The notion of a remake was heartsink-inducing, and the reality isn't much better. The basic plot is much the same, give or take a change of name/language/assumed audience IQ level. Twelve-year-old Owen (Smit McPhee) has a miserable time at school and at home, which is respectively down to school bullies and his warring divorced parents. Enter Abby (Moretz), the strange, slightly whiffy girl who moves into the flat next door to Owen's with a man who appears to be her father – and who devotes a considerable amount of time to obtaining blood for her to drink ...
While the basics are intact, Let Me In does away with great chunks of subplot that had made the journey from John Ajvide Lindqvist's novel to the Swedish film. This, then, is a dumbed down version of the story. Scenes where we see Abby behaving like a vampire (rather than a little girl) are given a pantomime twist, one of the most dramatic scenes has been shunted right to the beginning (because, y'know, people are just too stupid to enjoy any kind of slow-burning plot) and some scenes have been simplified for no apparent reason. So, for example, an important decision made by one character is now just something that happens by accident.

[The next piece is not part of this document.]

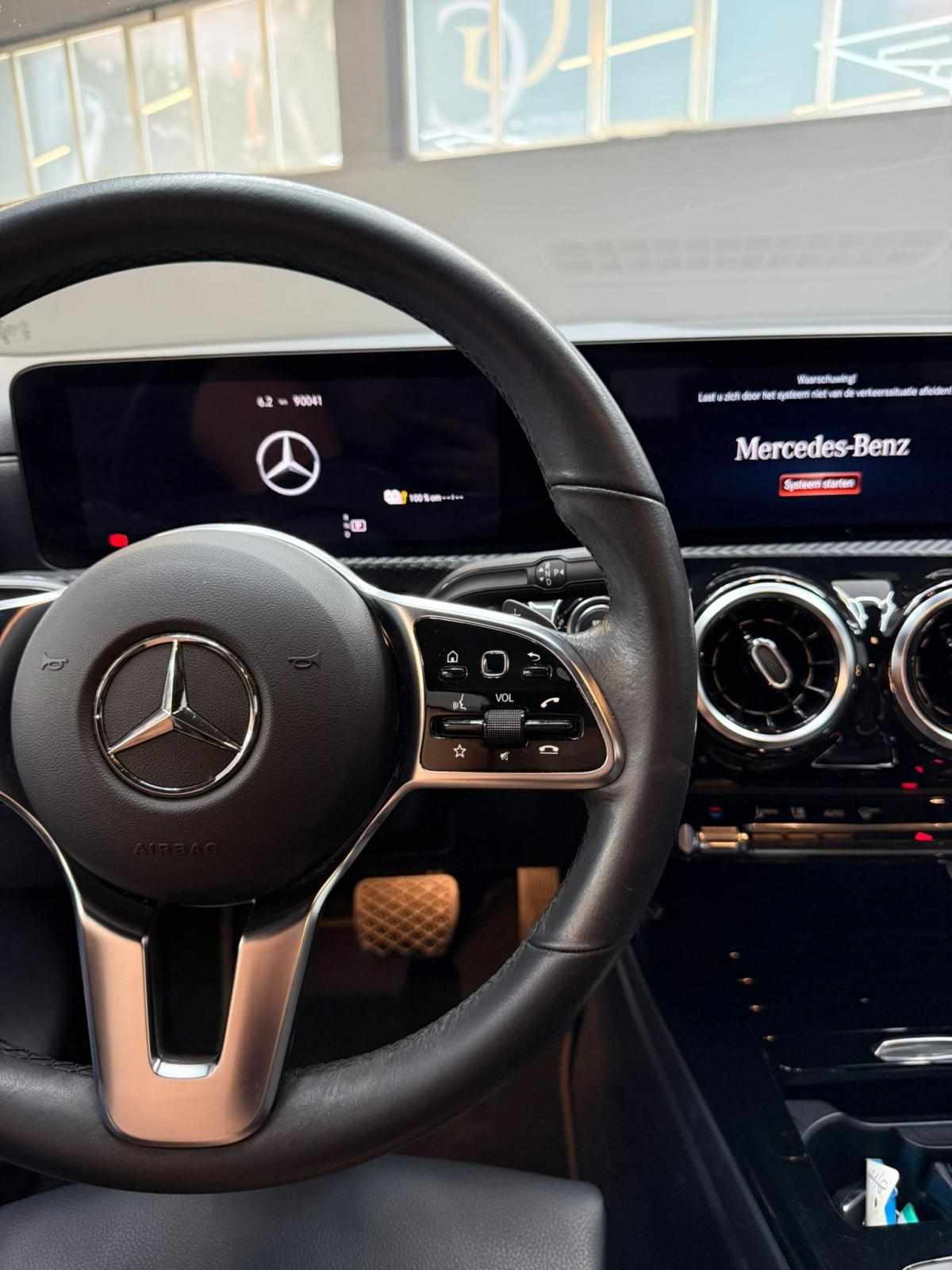 mercedes-benz-cla-250e-2023-gasolina-1332cc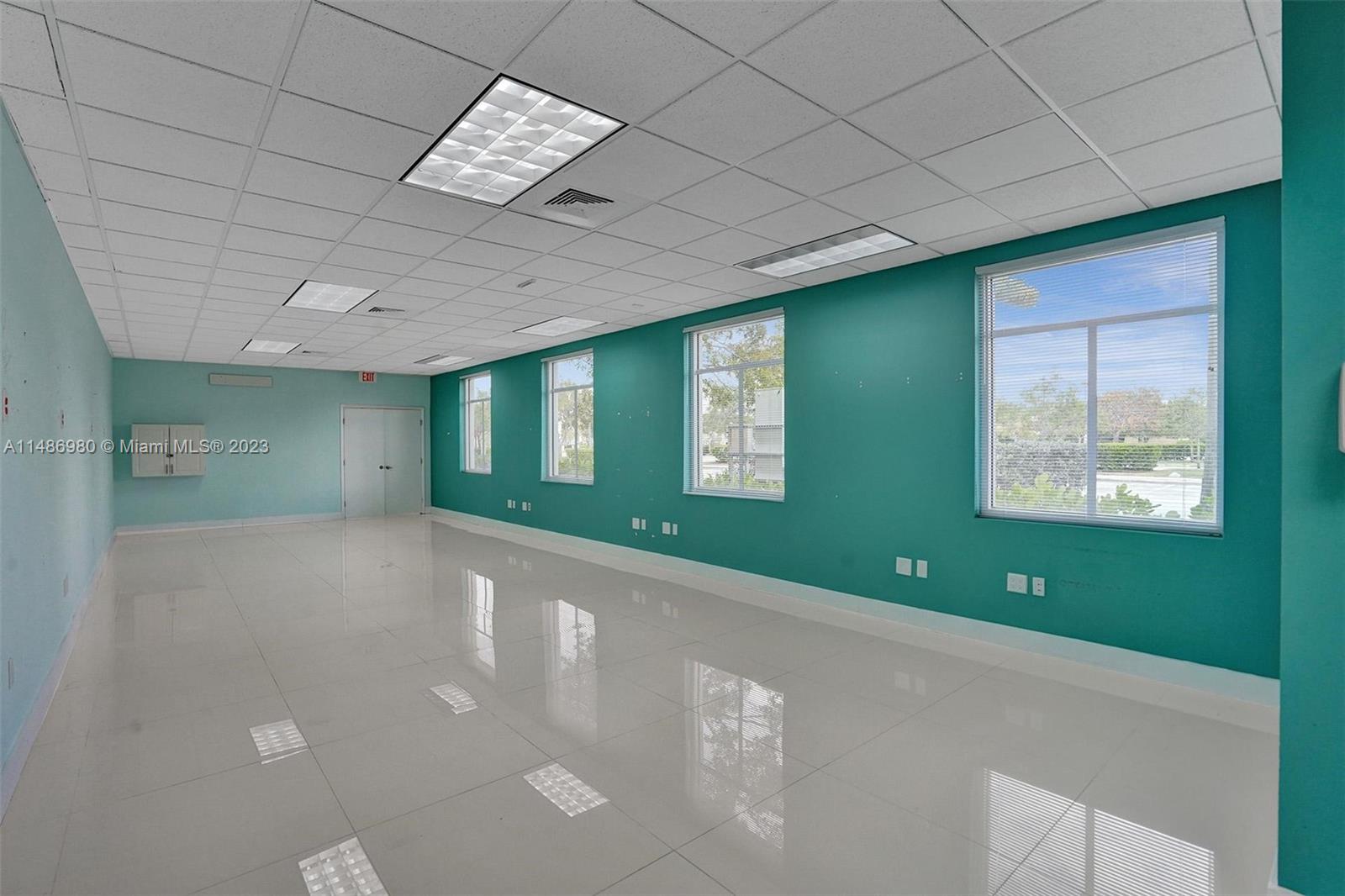 15620 SW 29th St Miramar, FL 33027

There's nothing to commend Let Me In above the original. That's not down to the cast – Chloe Moretz is as good as she always is, and it's not possible to level any criticisms at the other actors. In particular, the young cast are all superb. It's just that Let Me In is what happens when you take a good film and stick it through the Hollywood machine. Is the fact that Lindqvist, author of the original novel, co-wrote the screenplay a mitigating factor? Is it heck. What on earth was he thinking?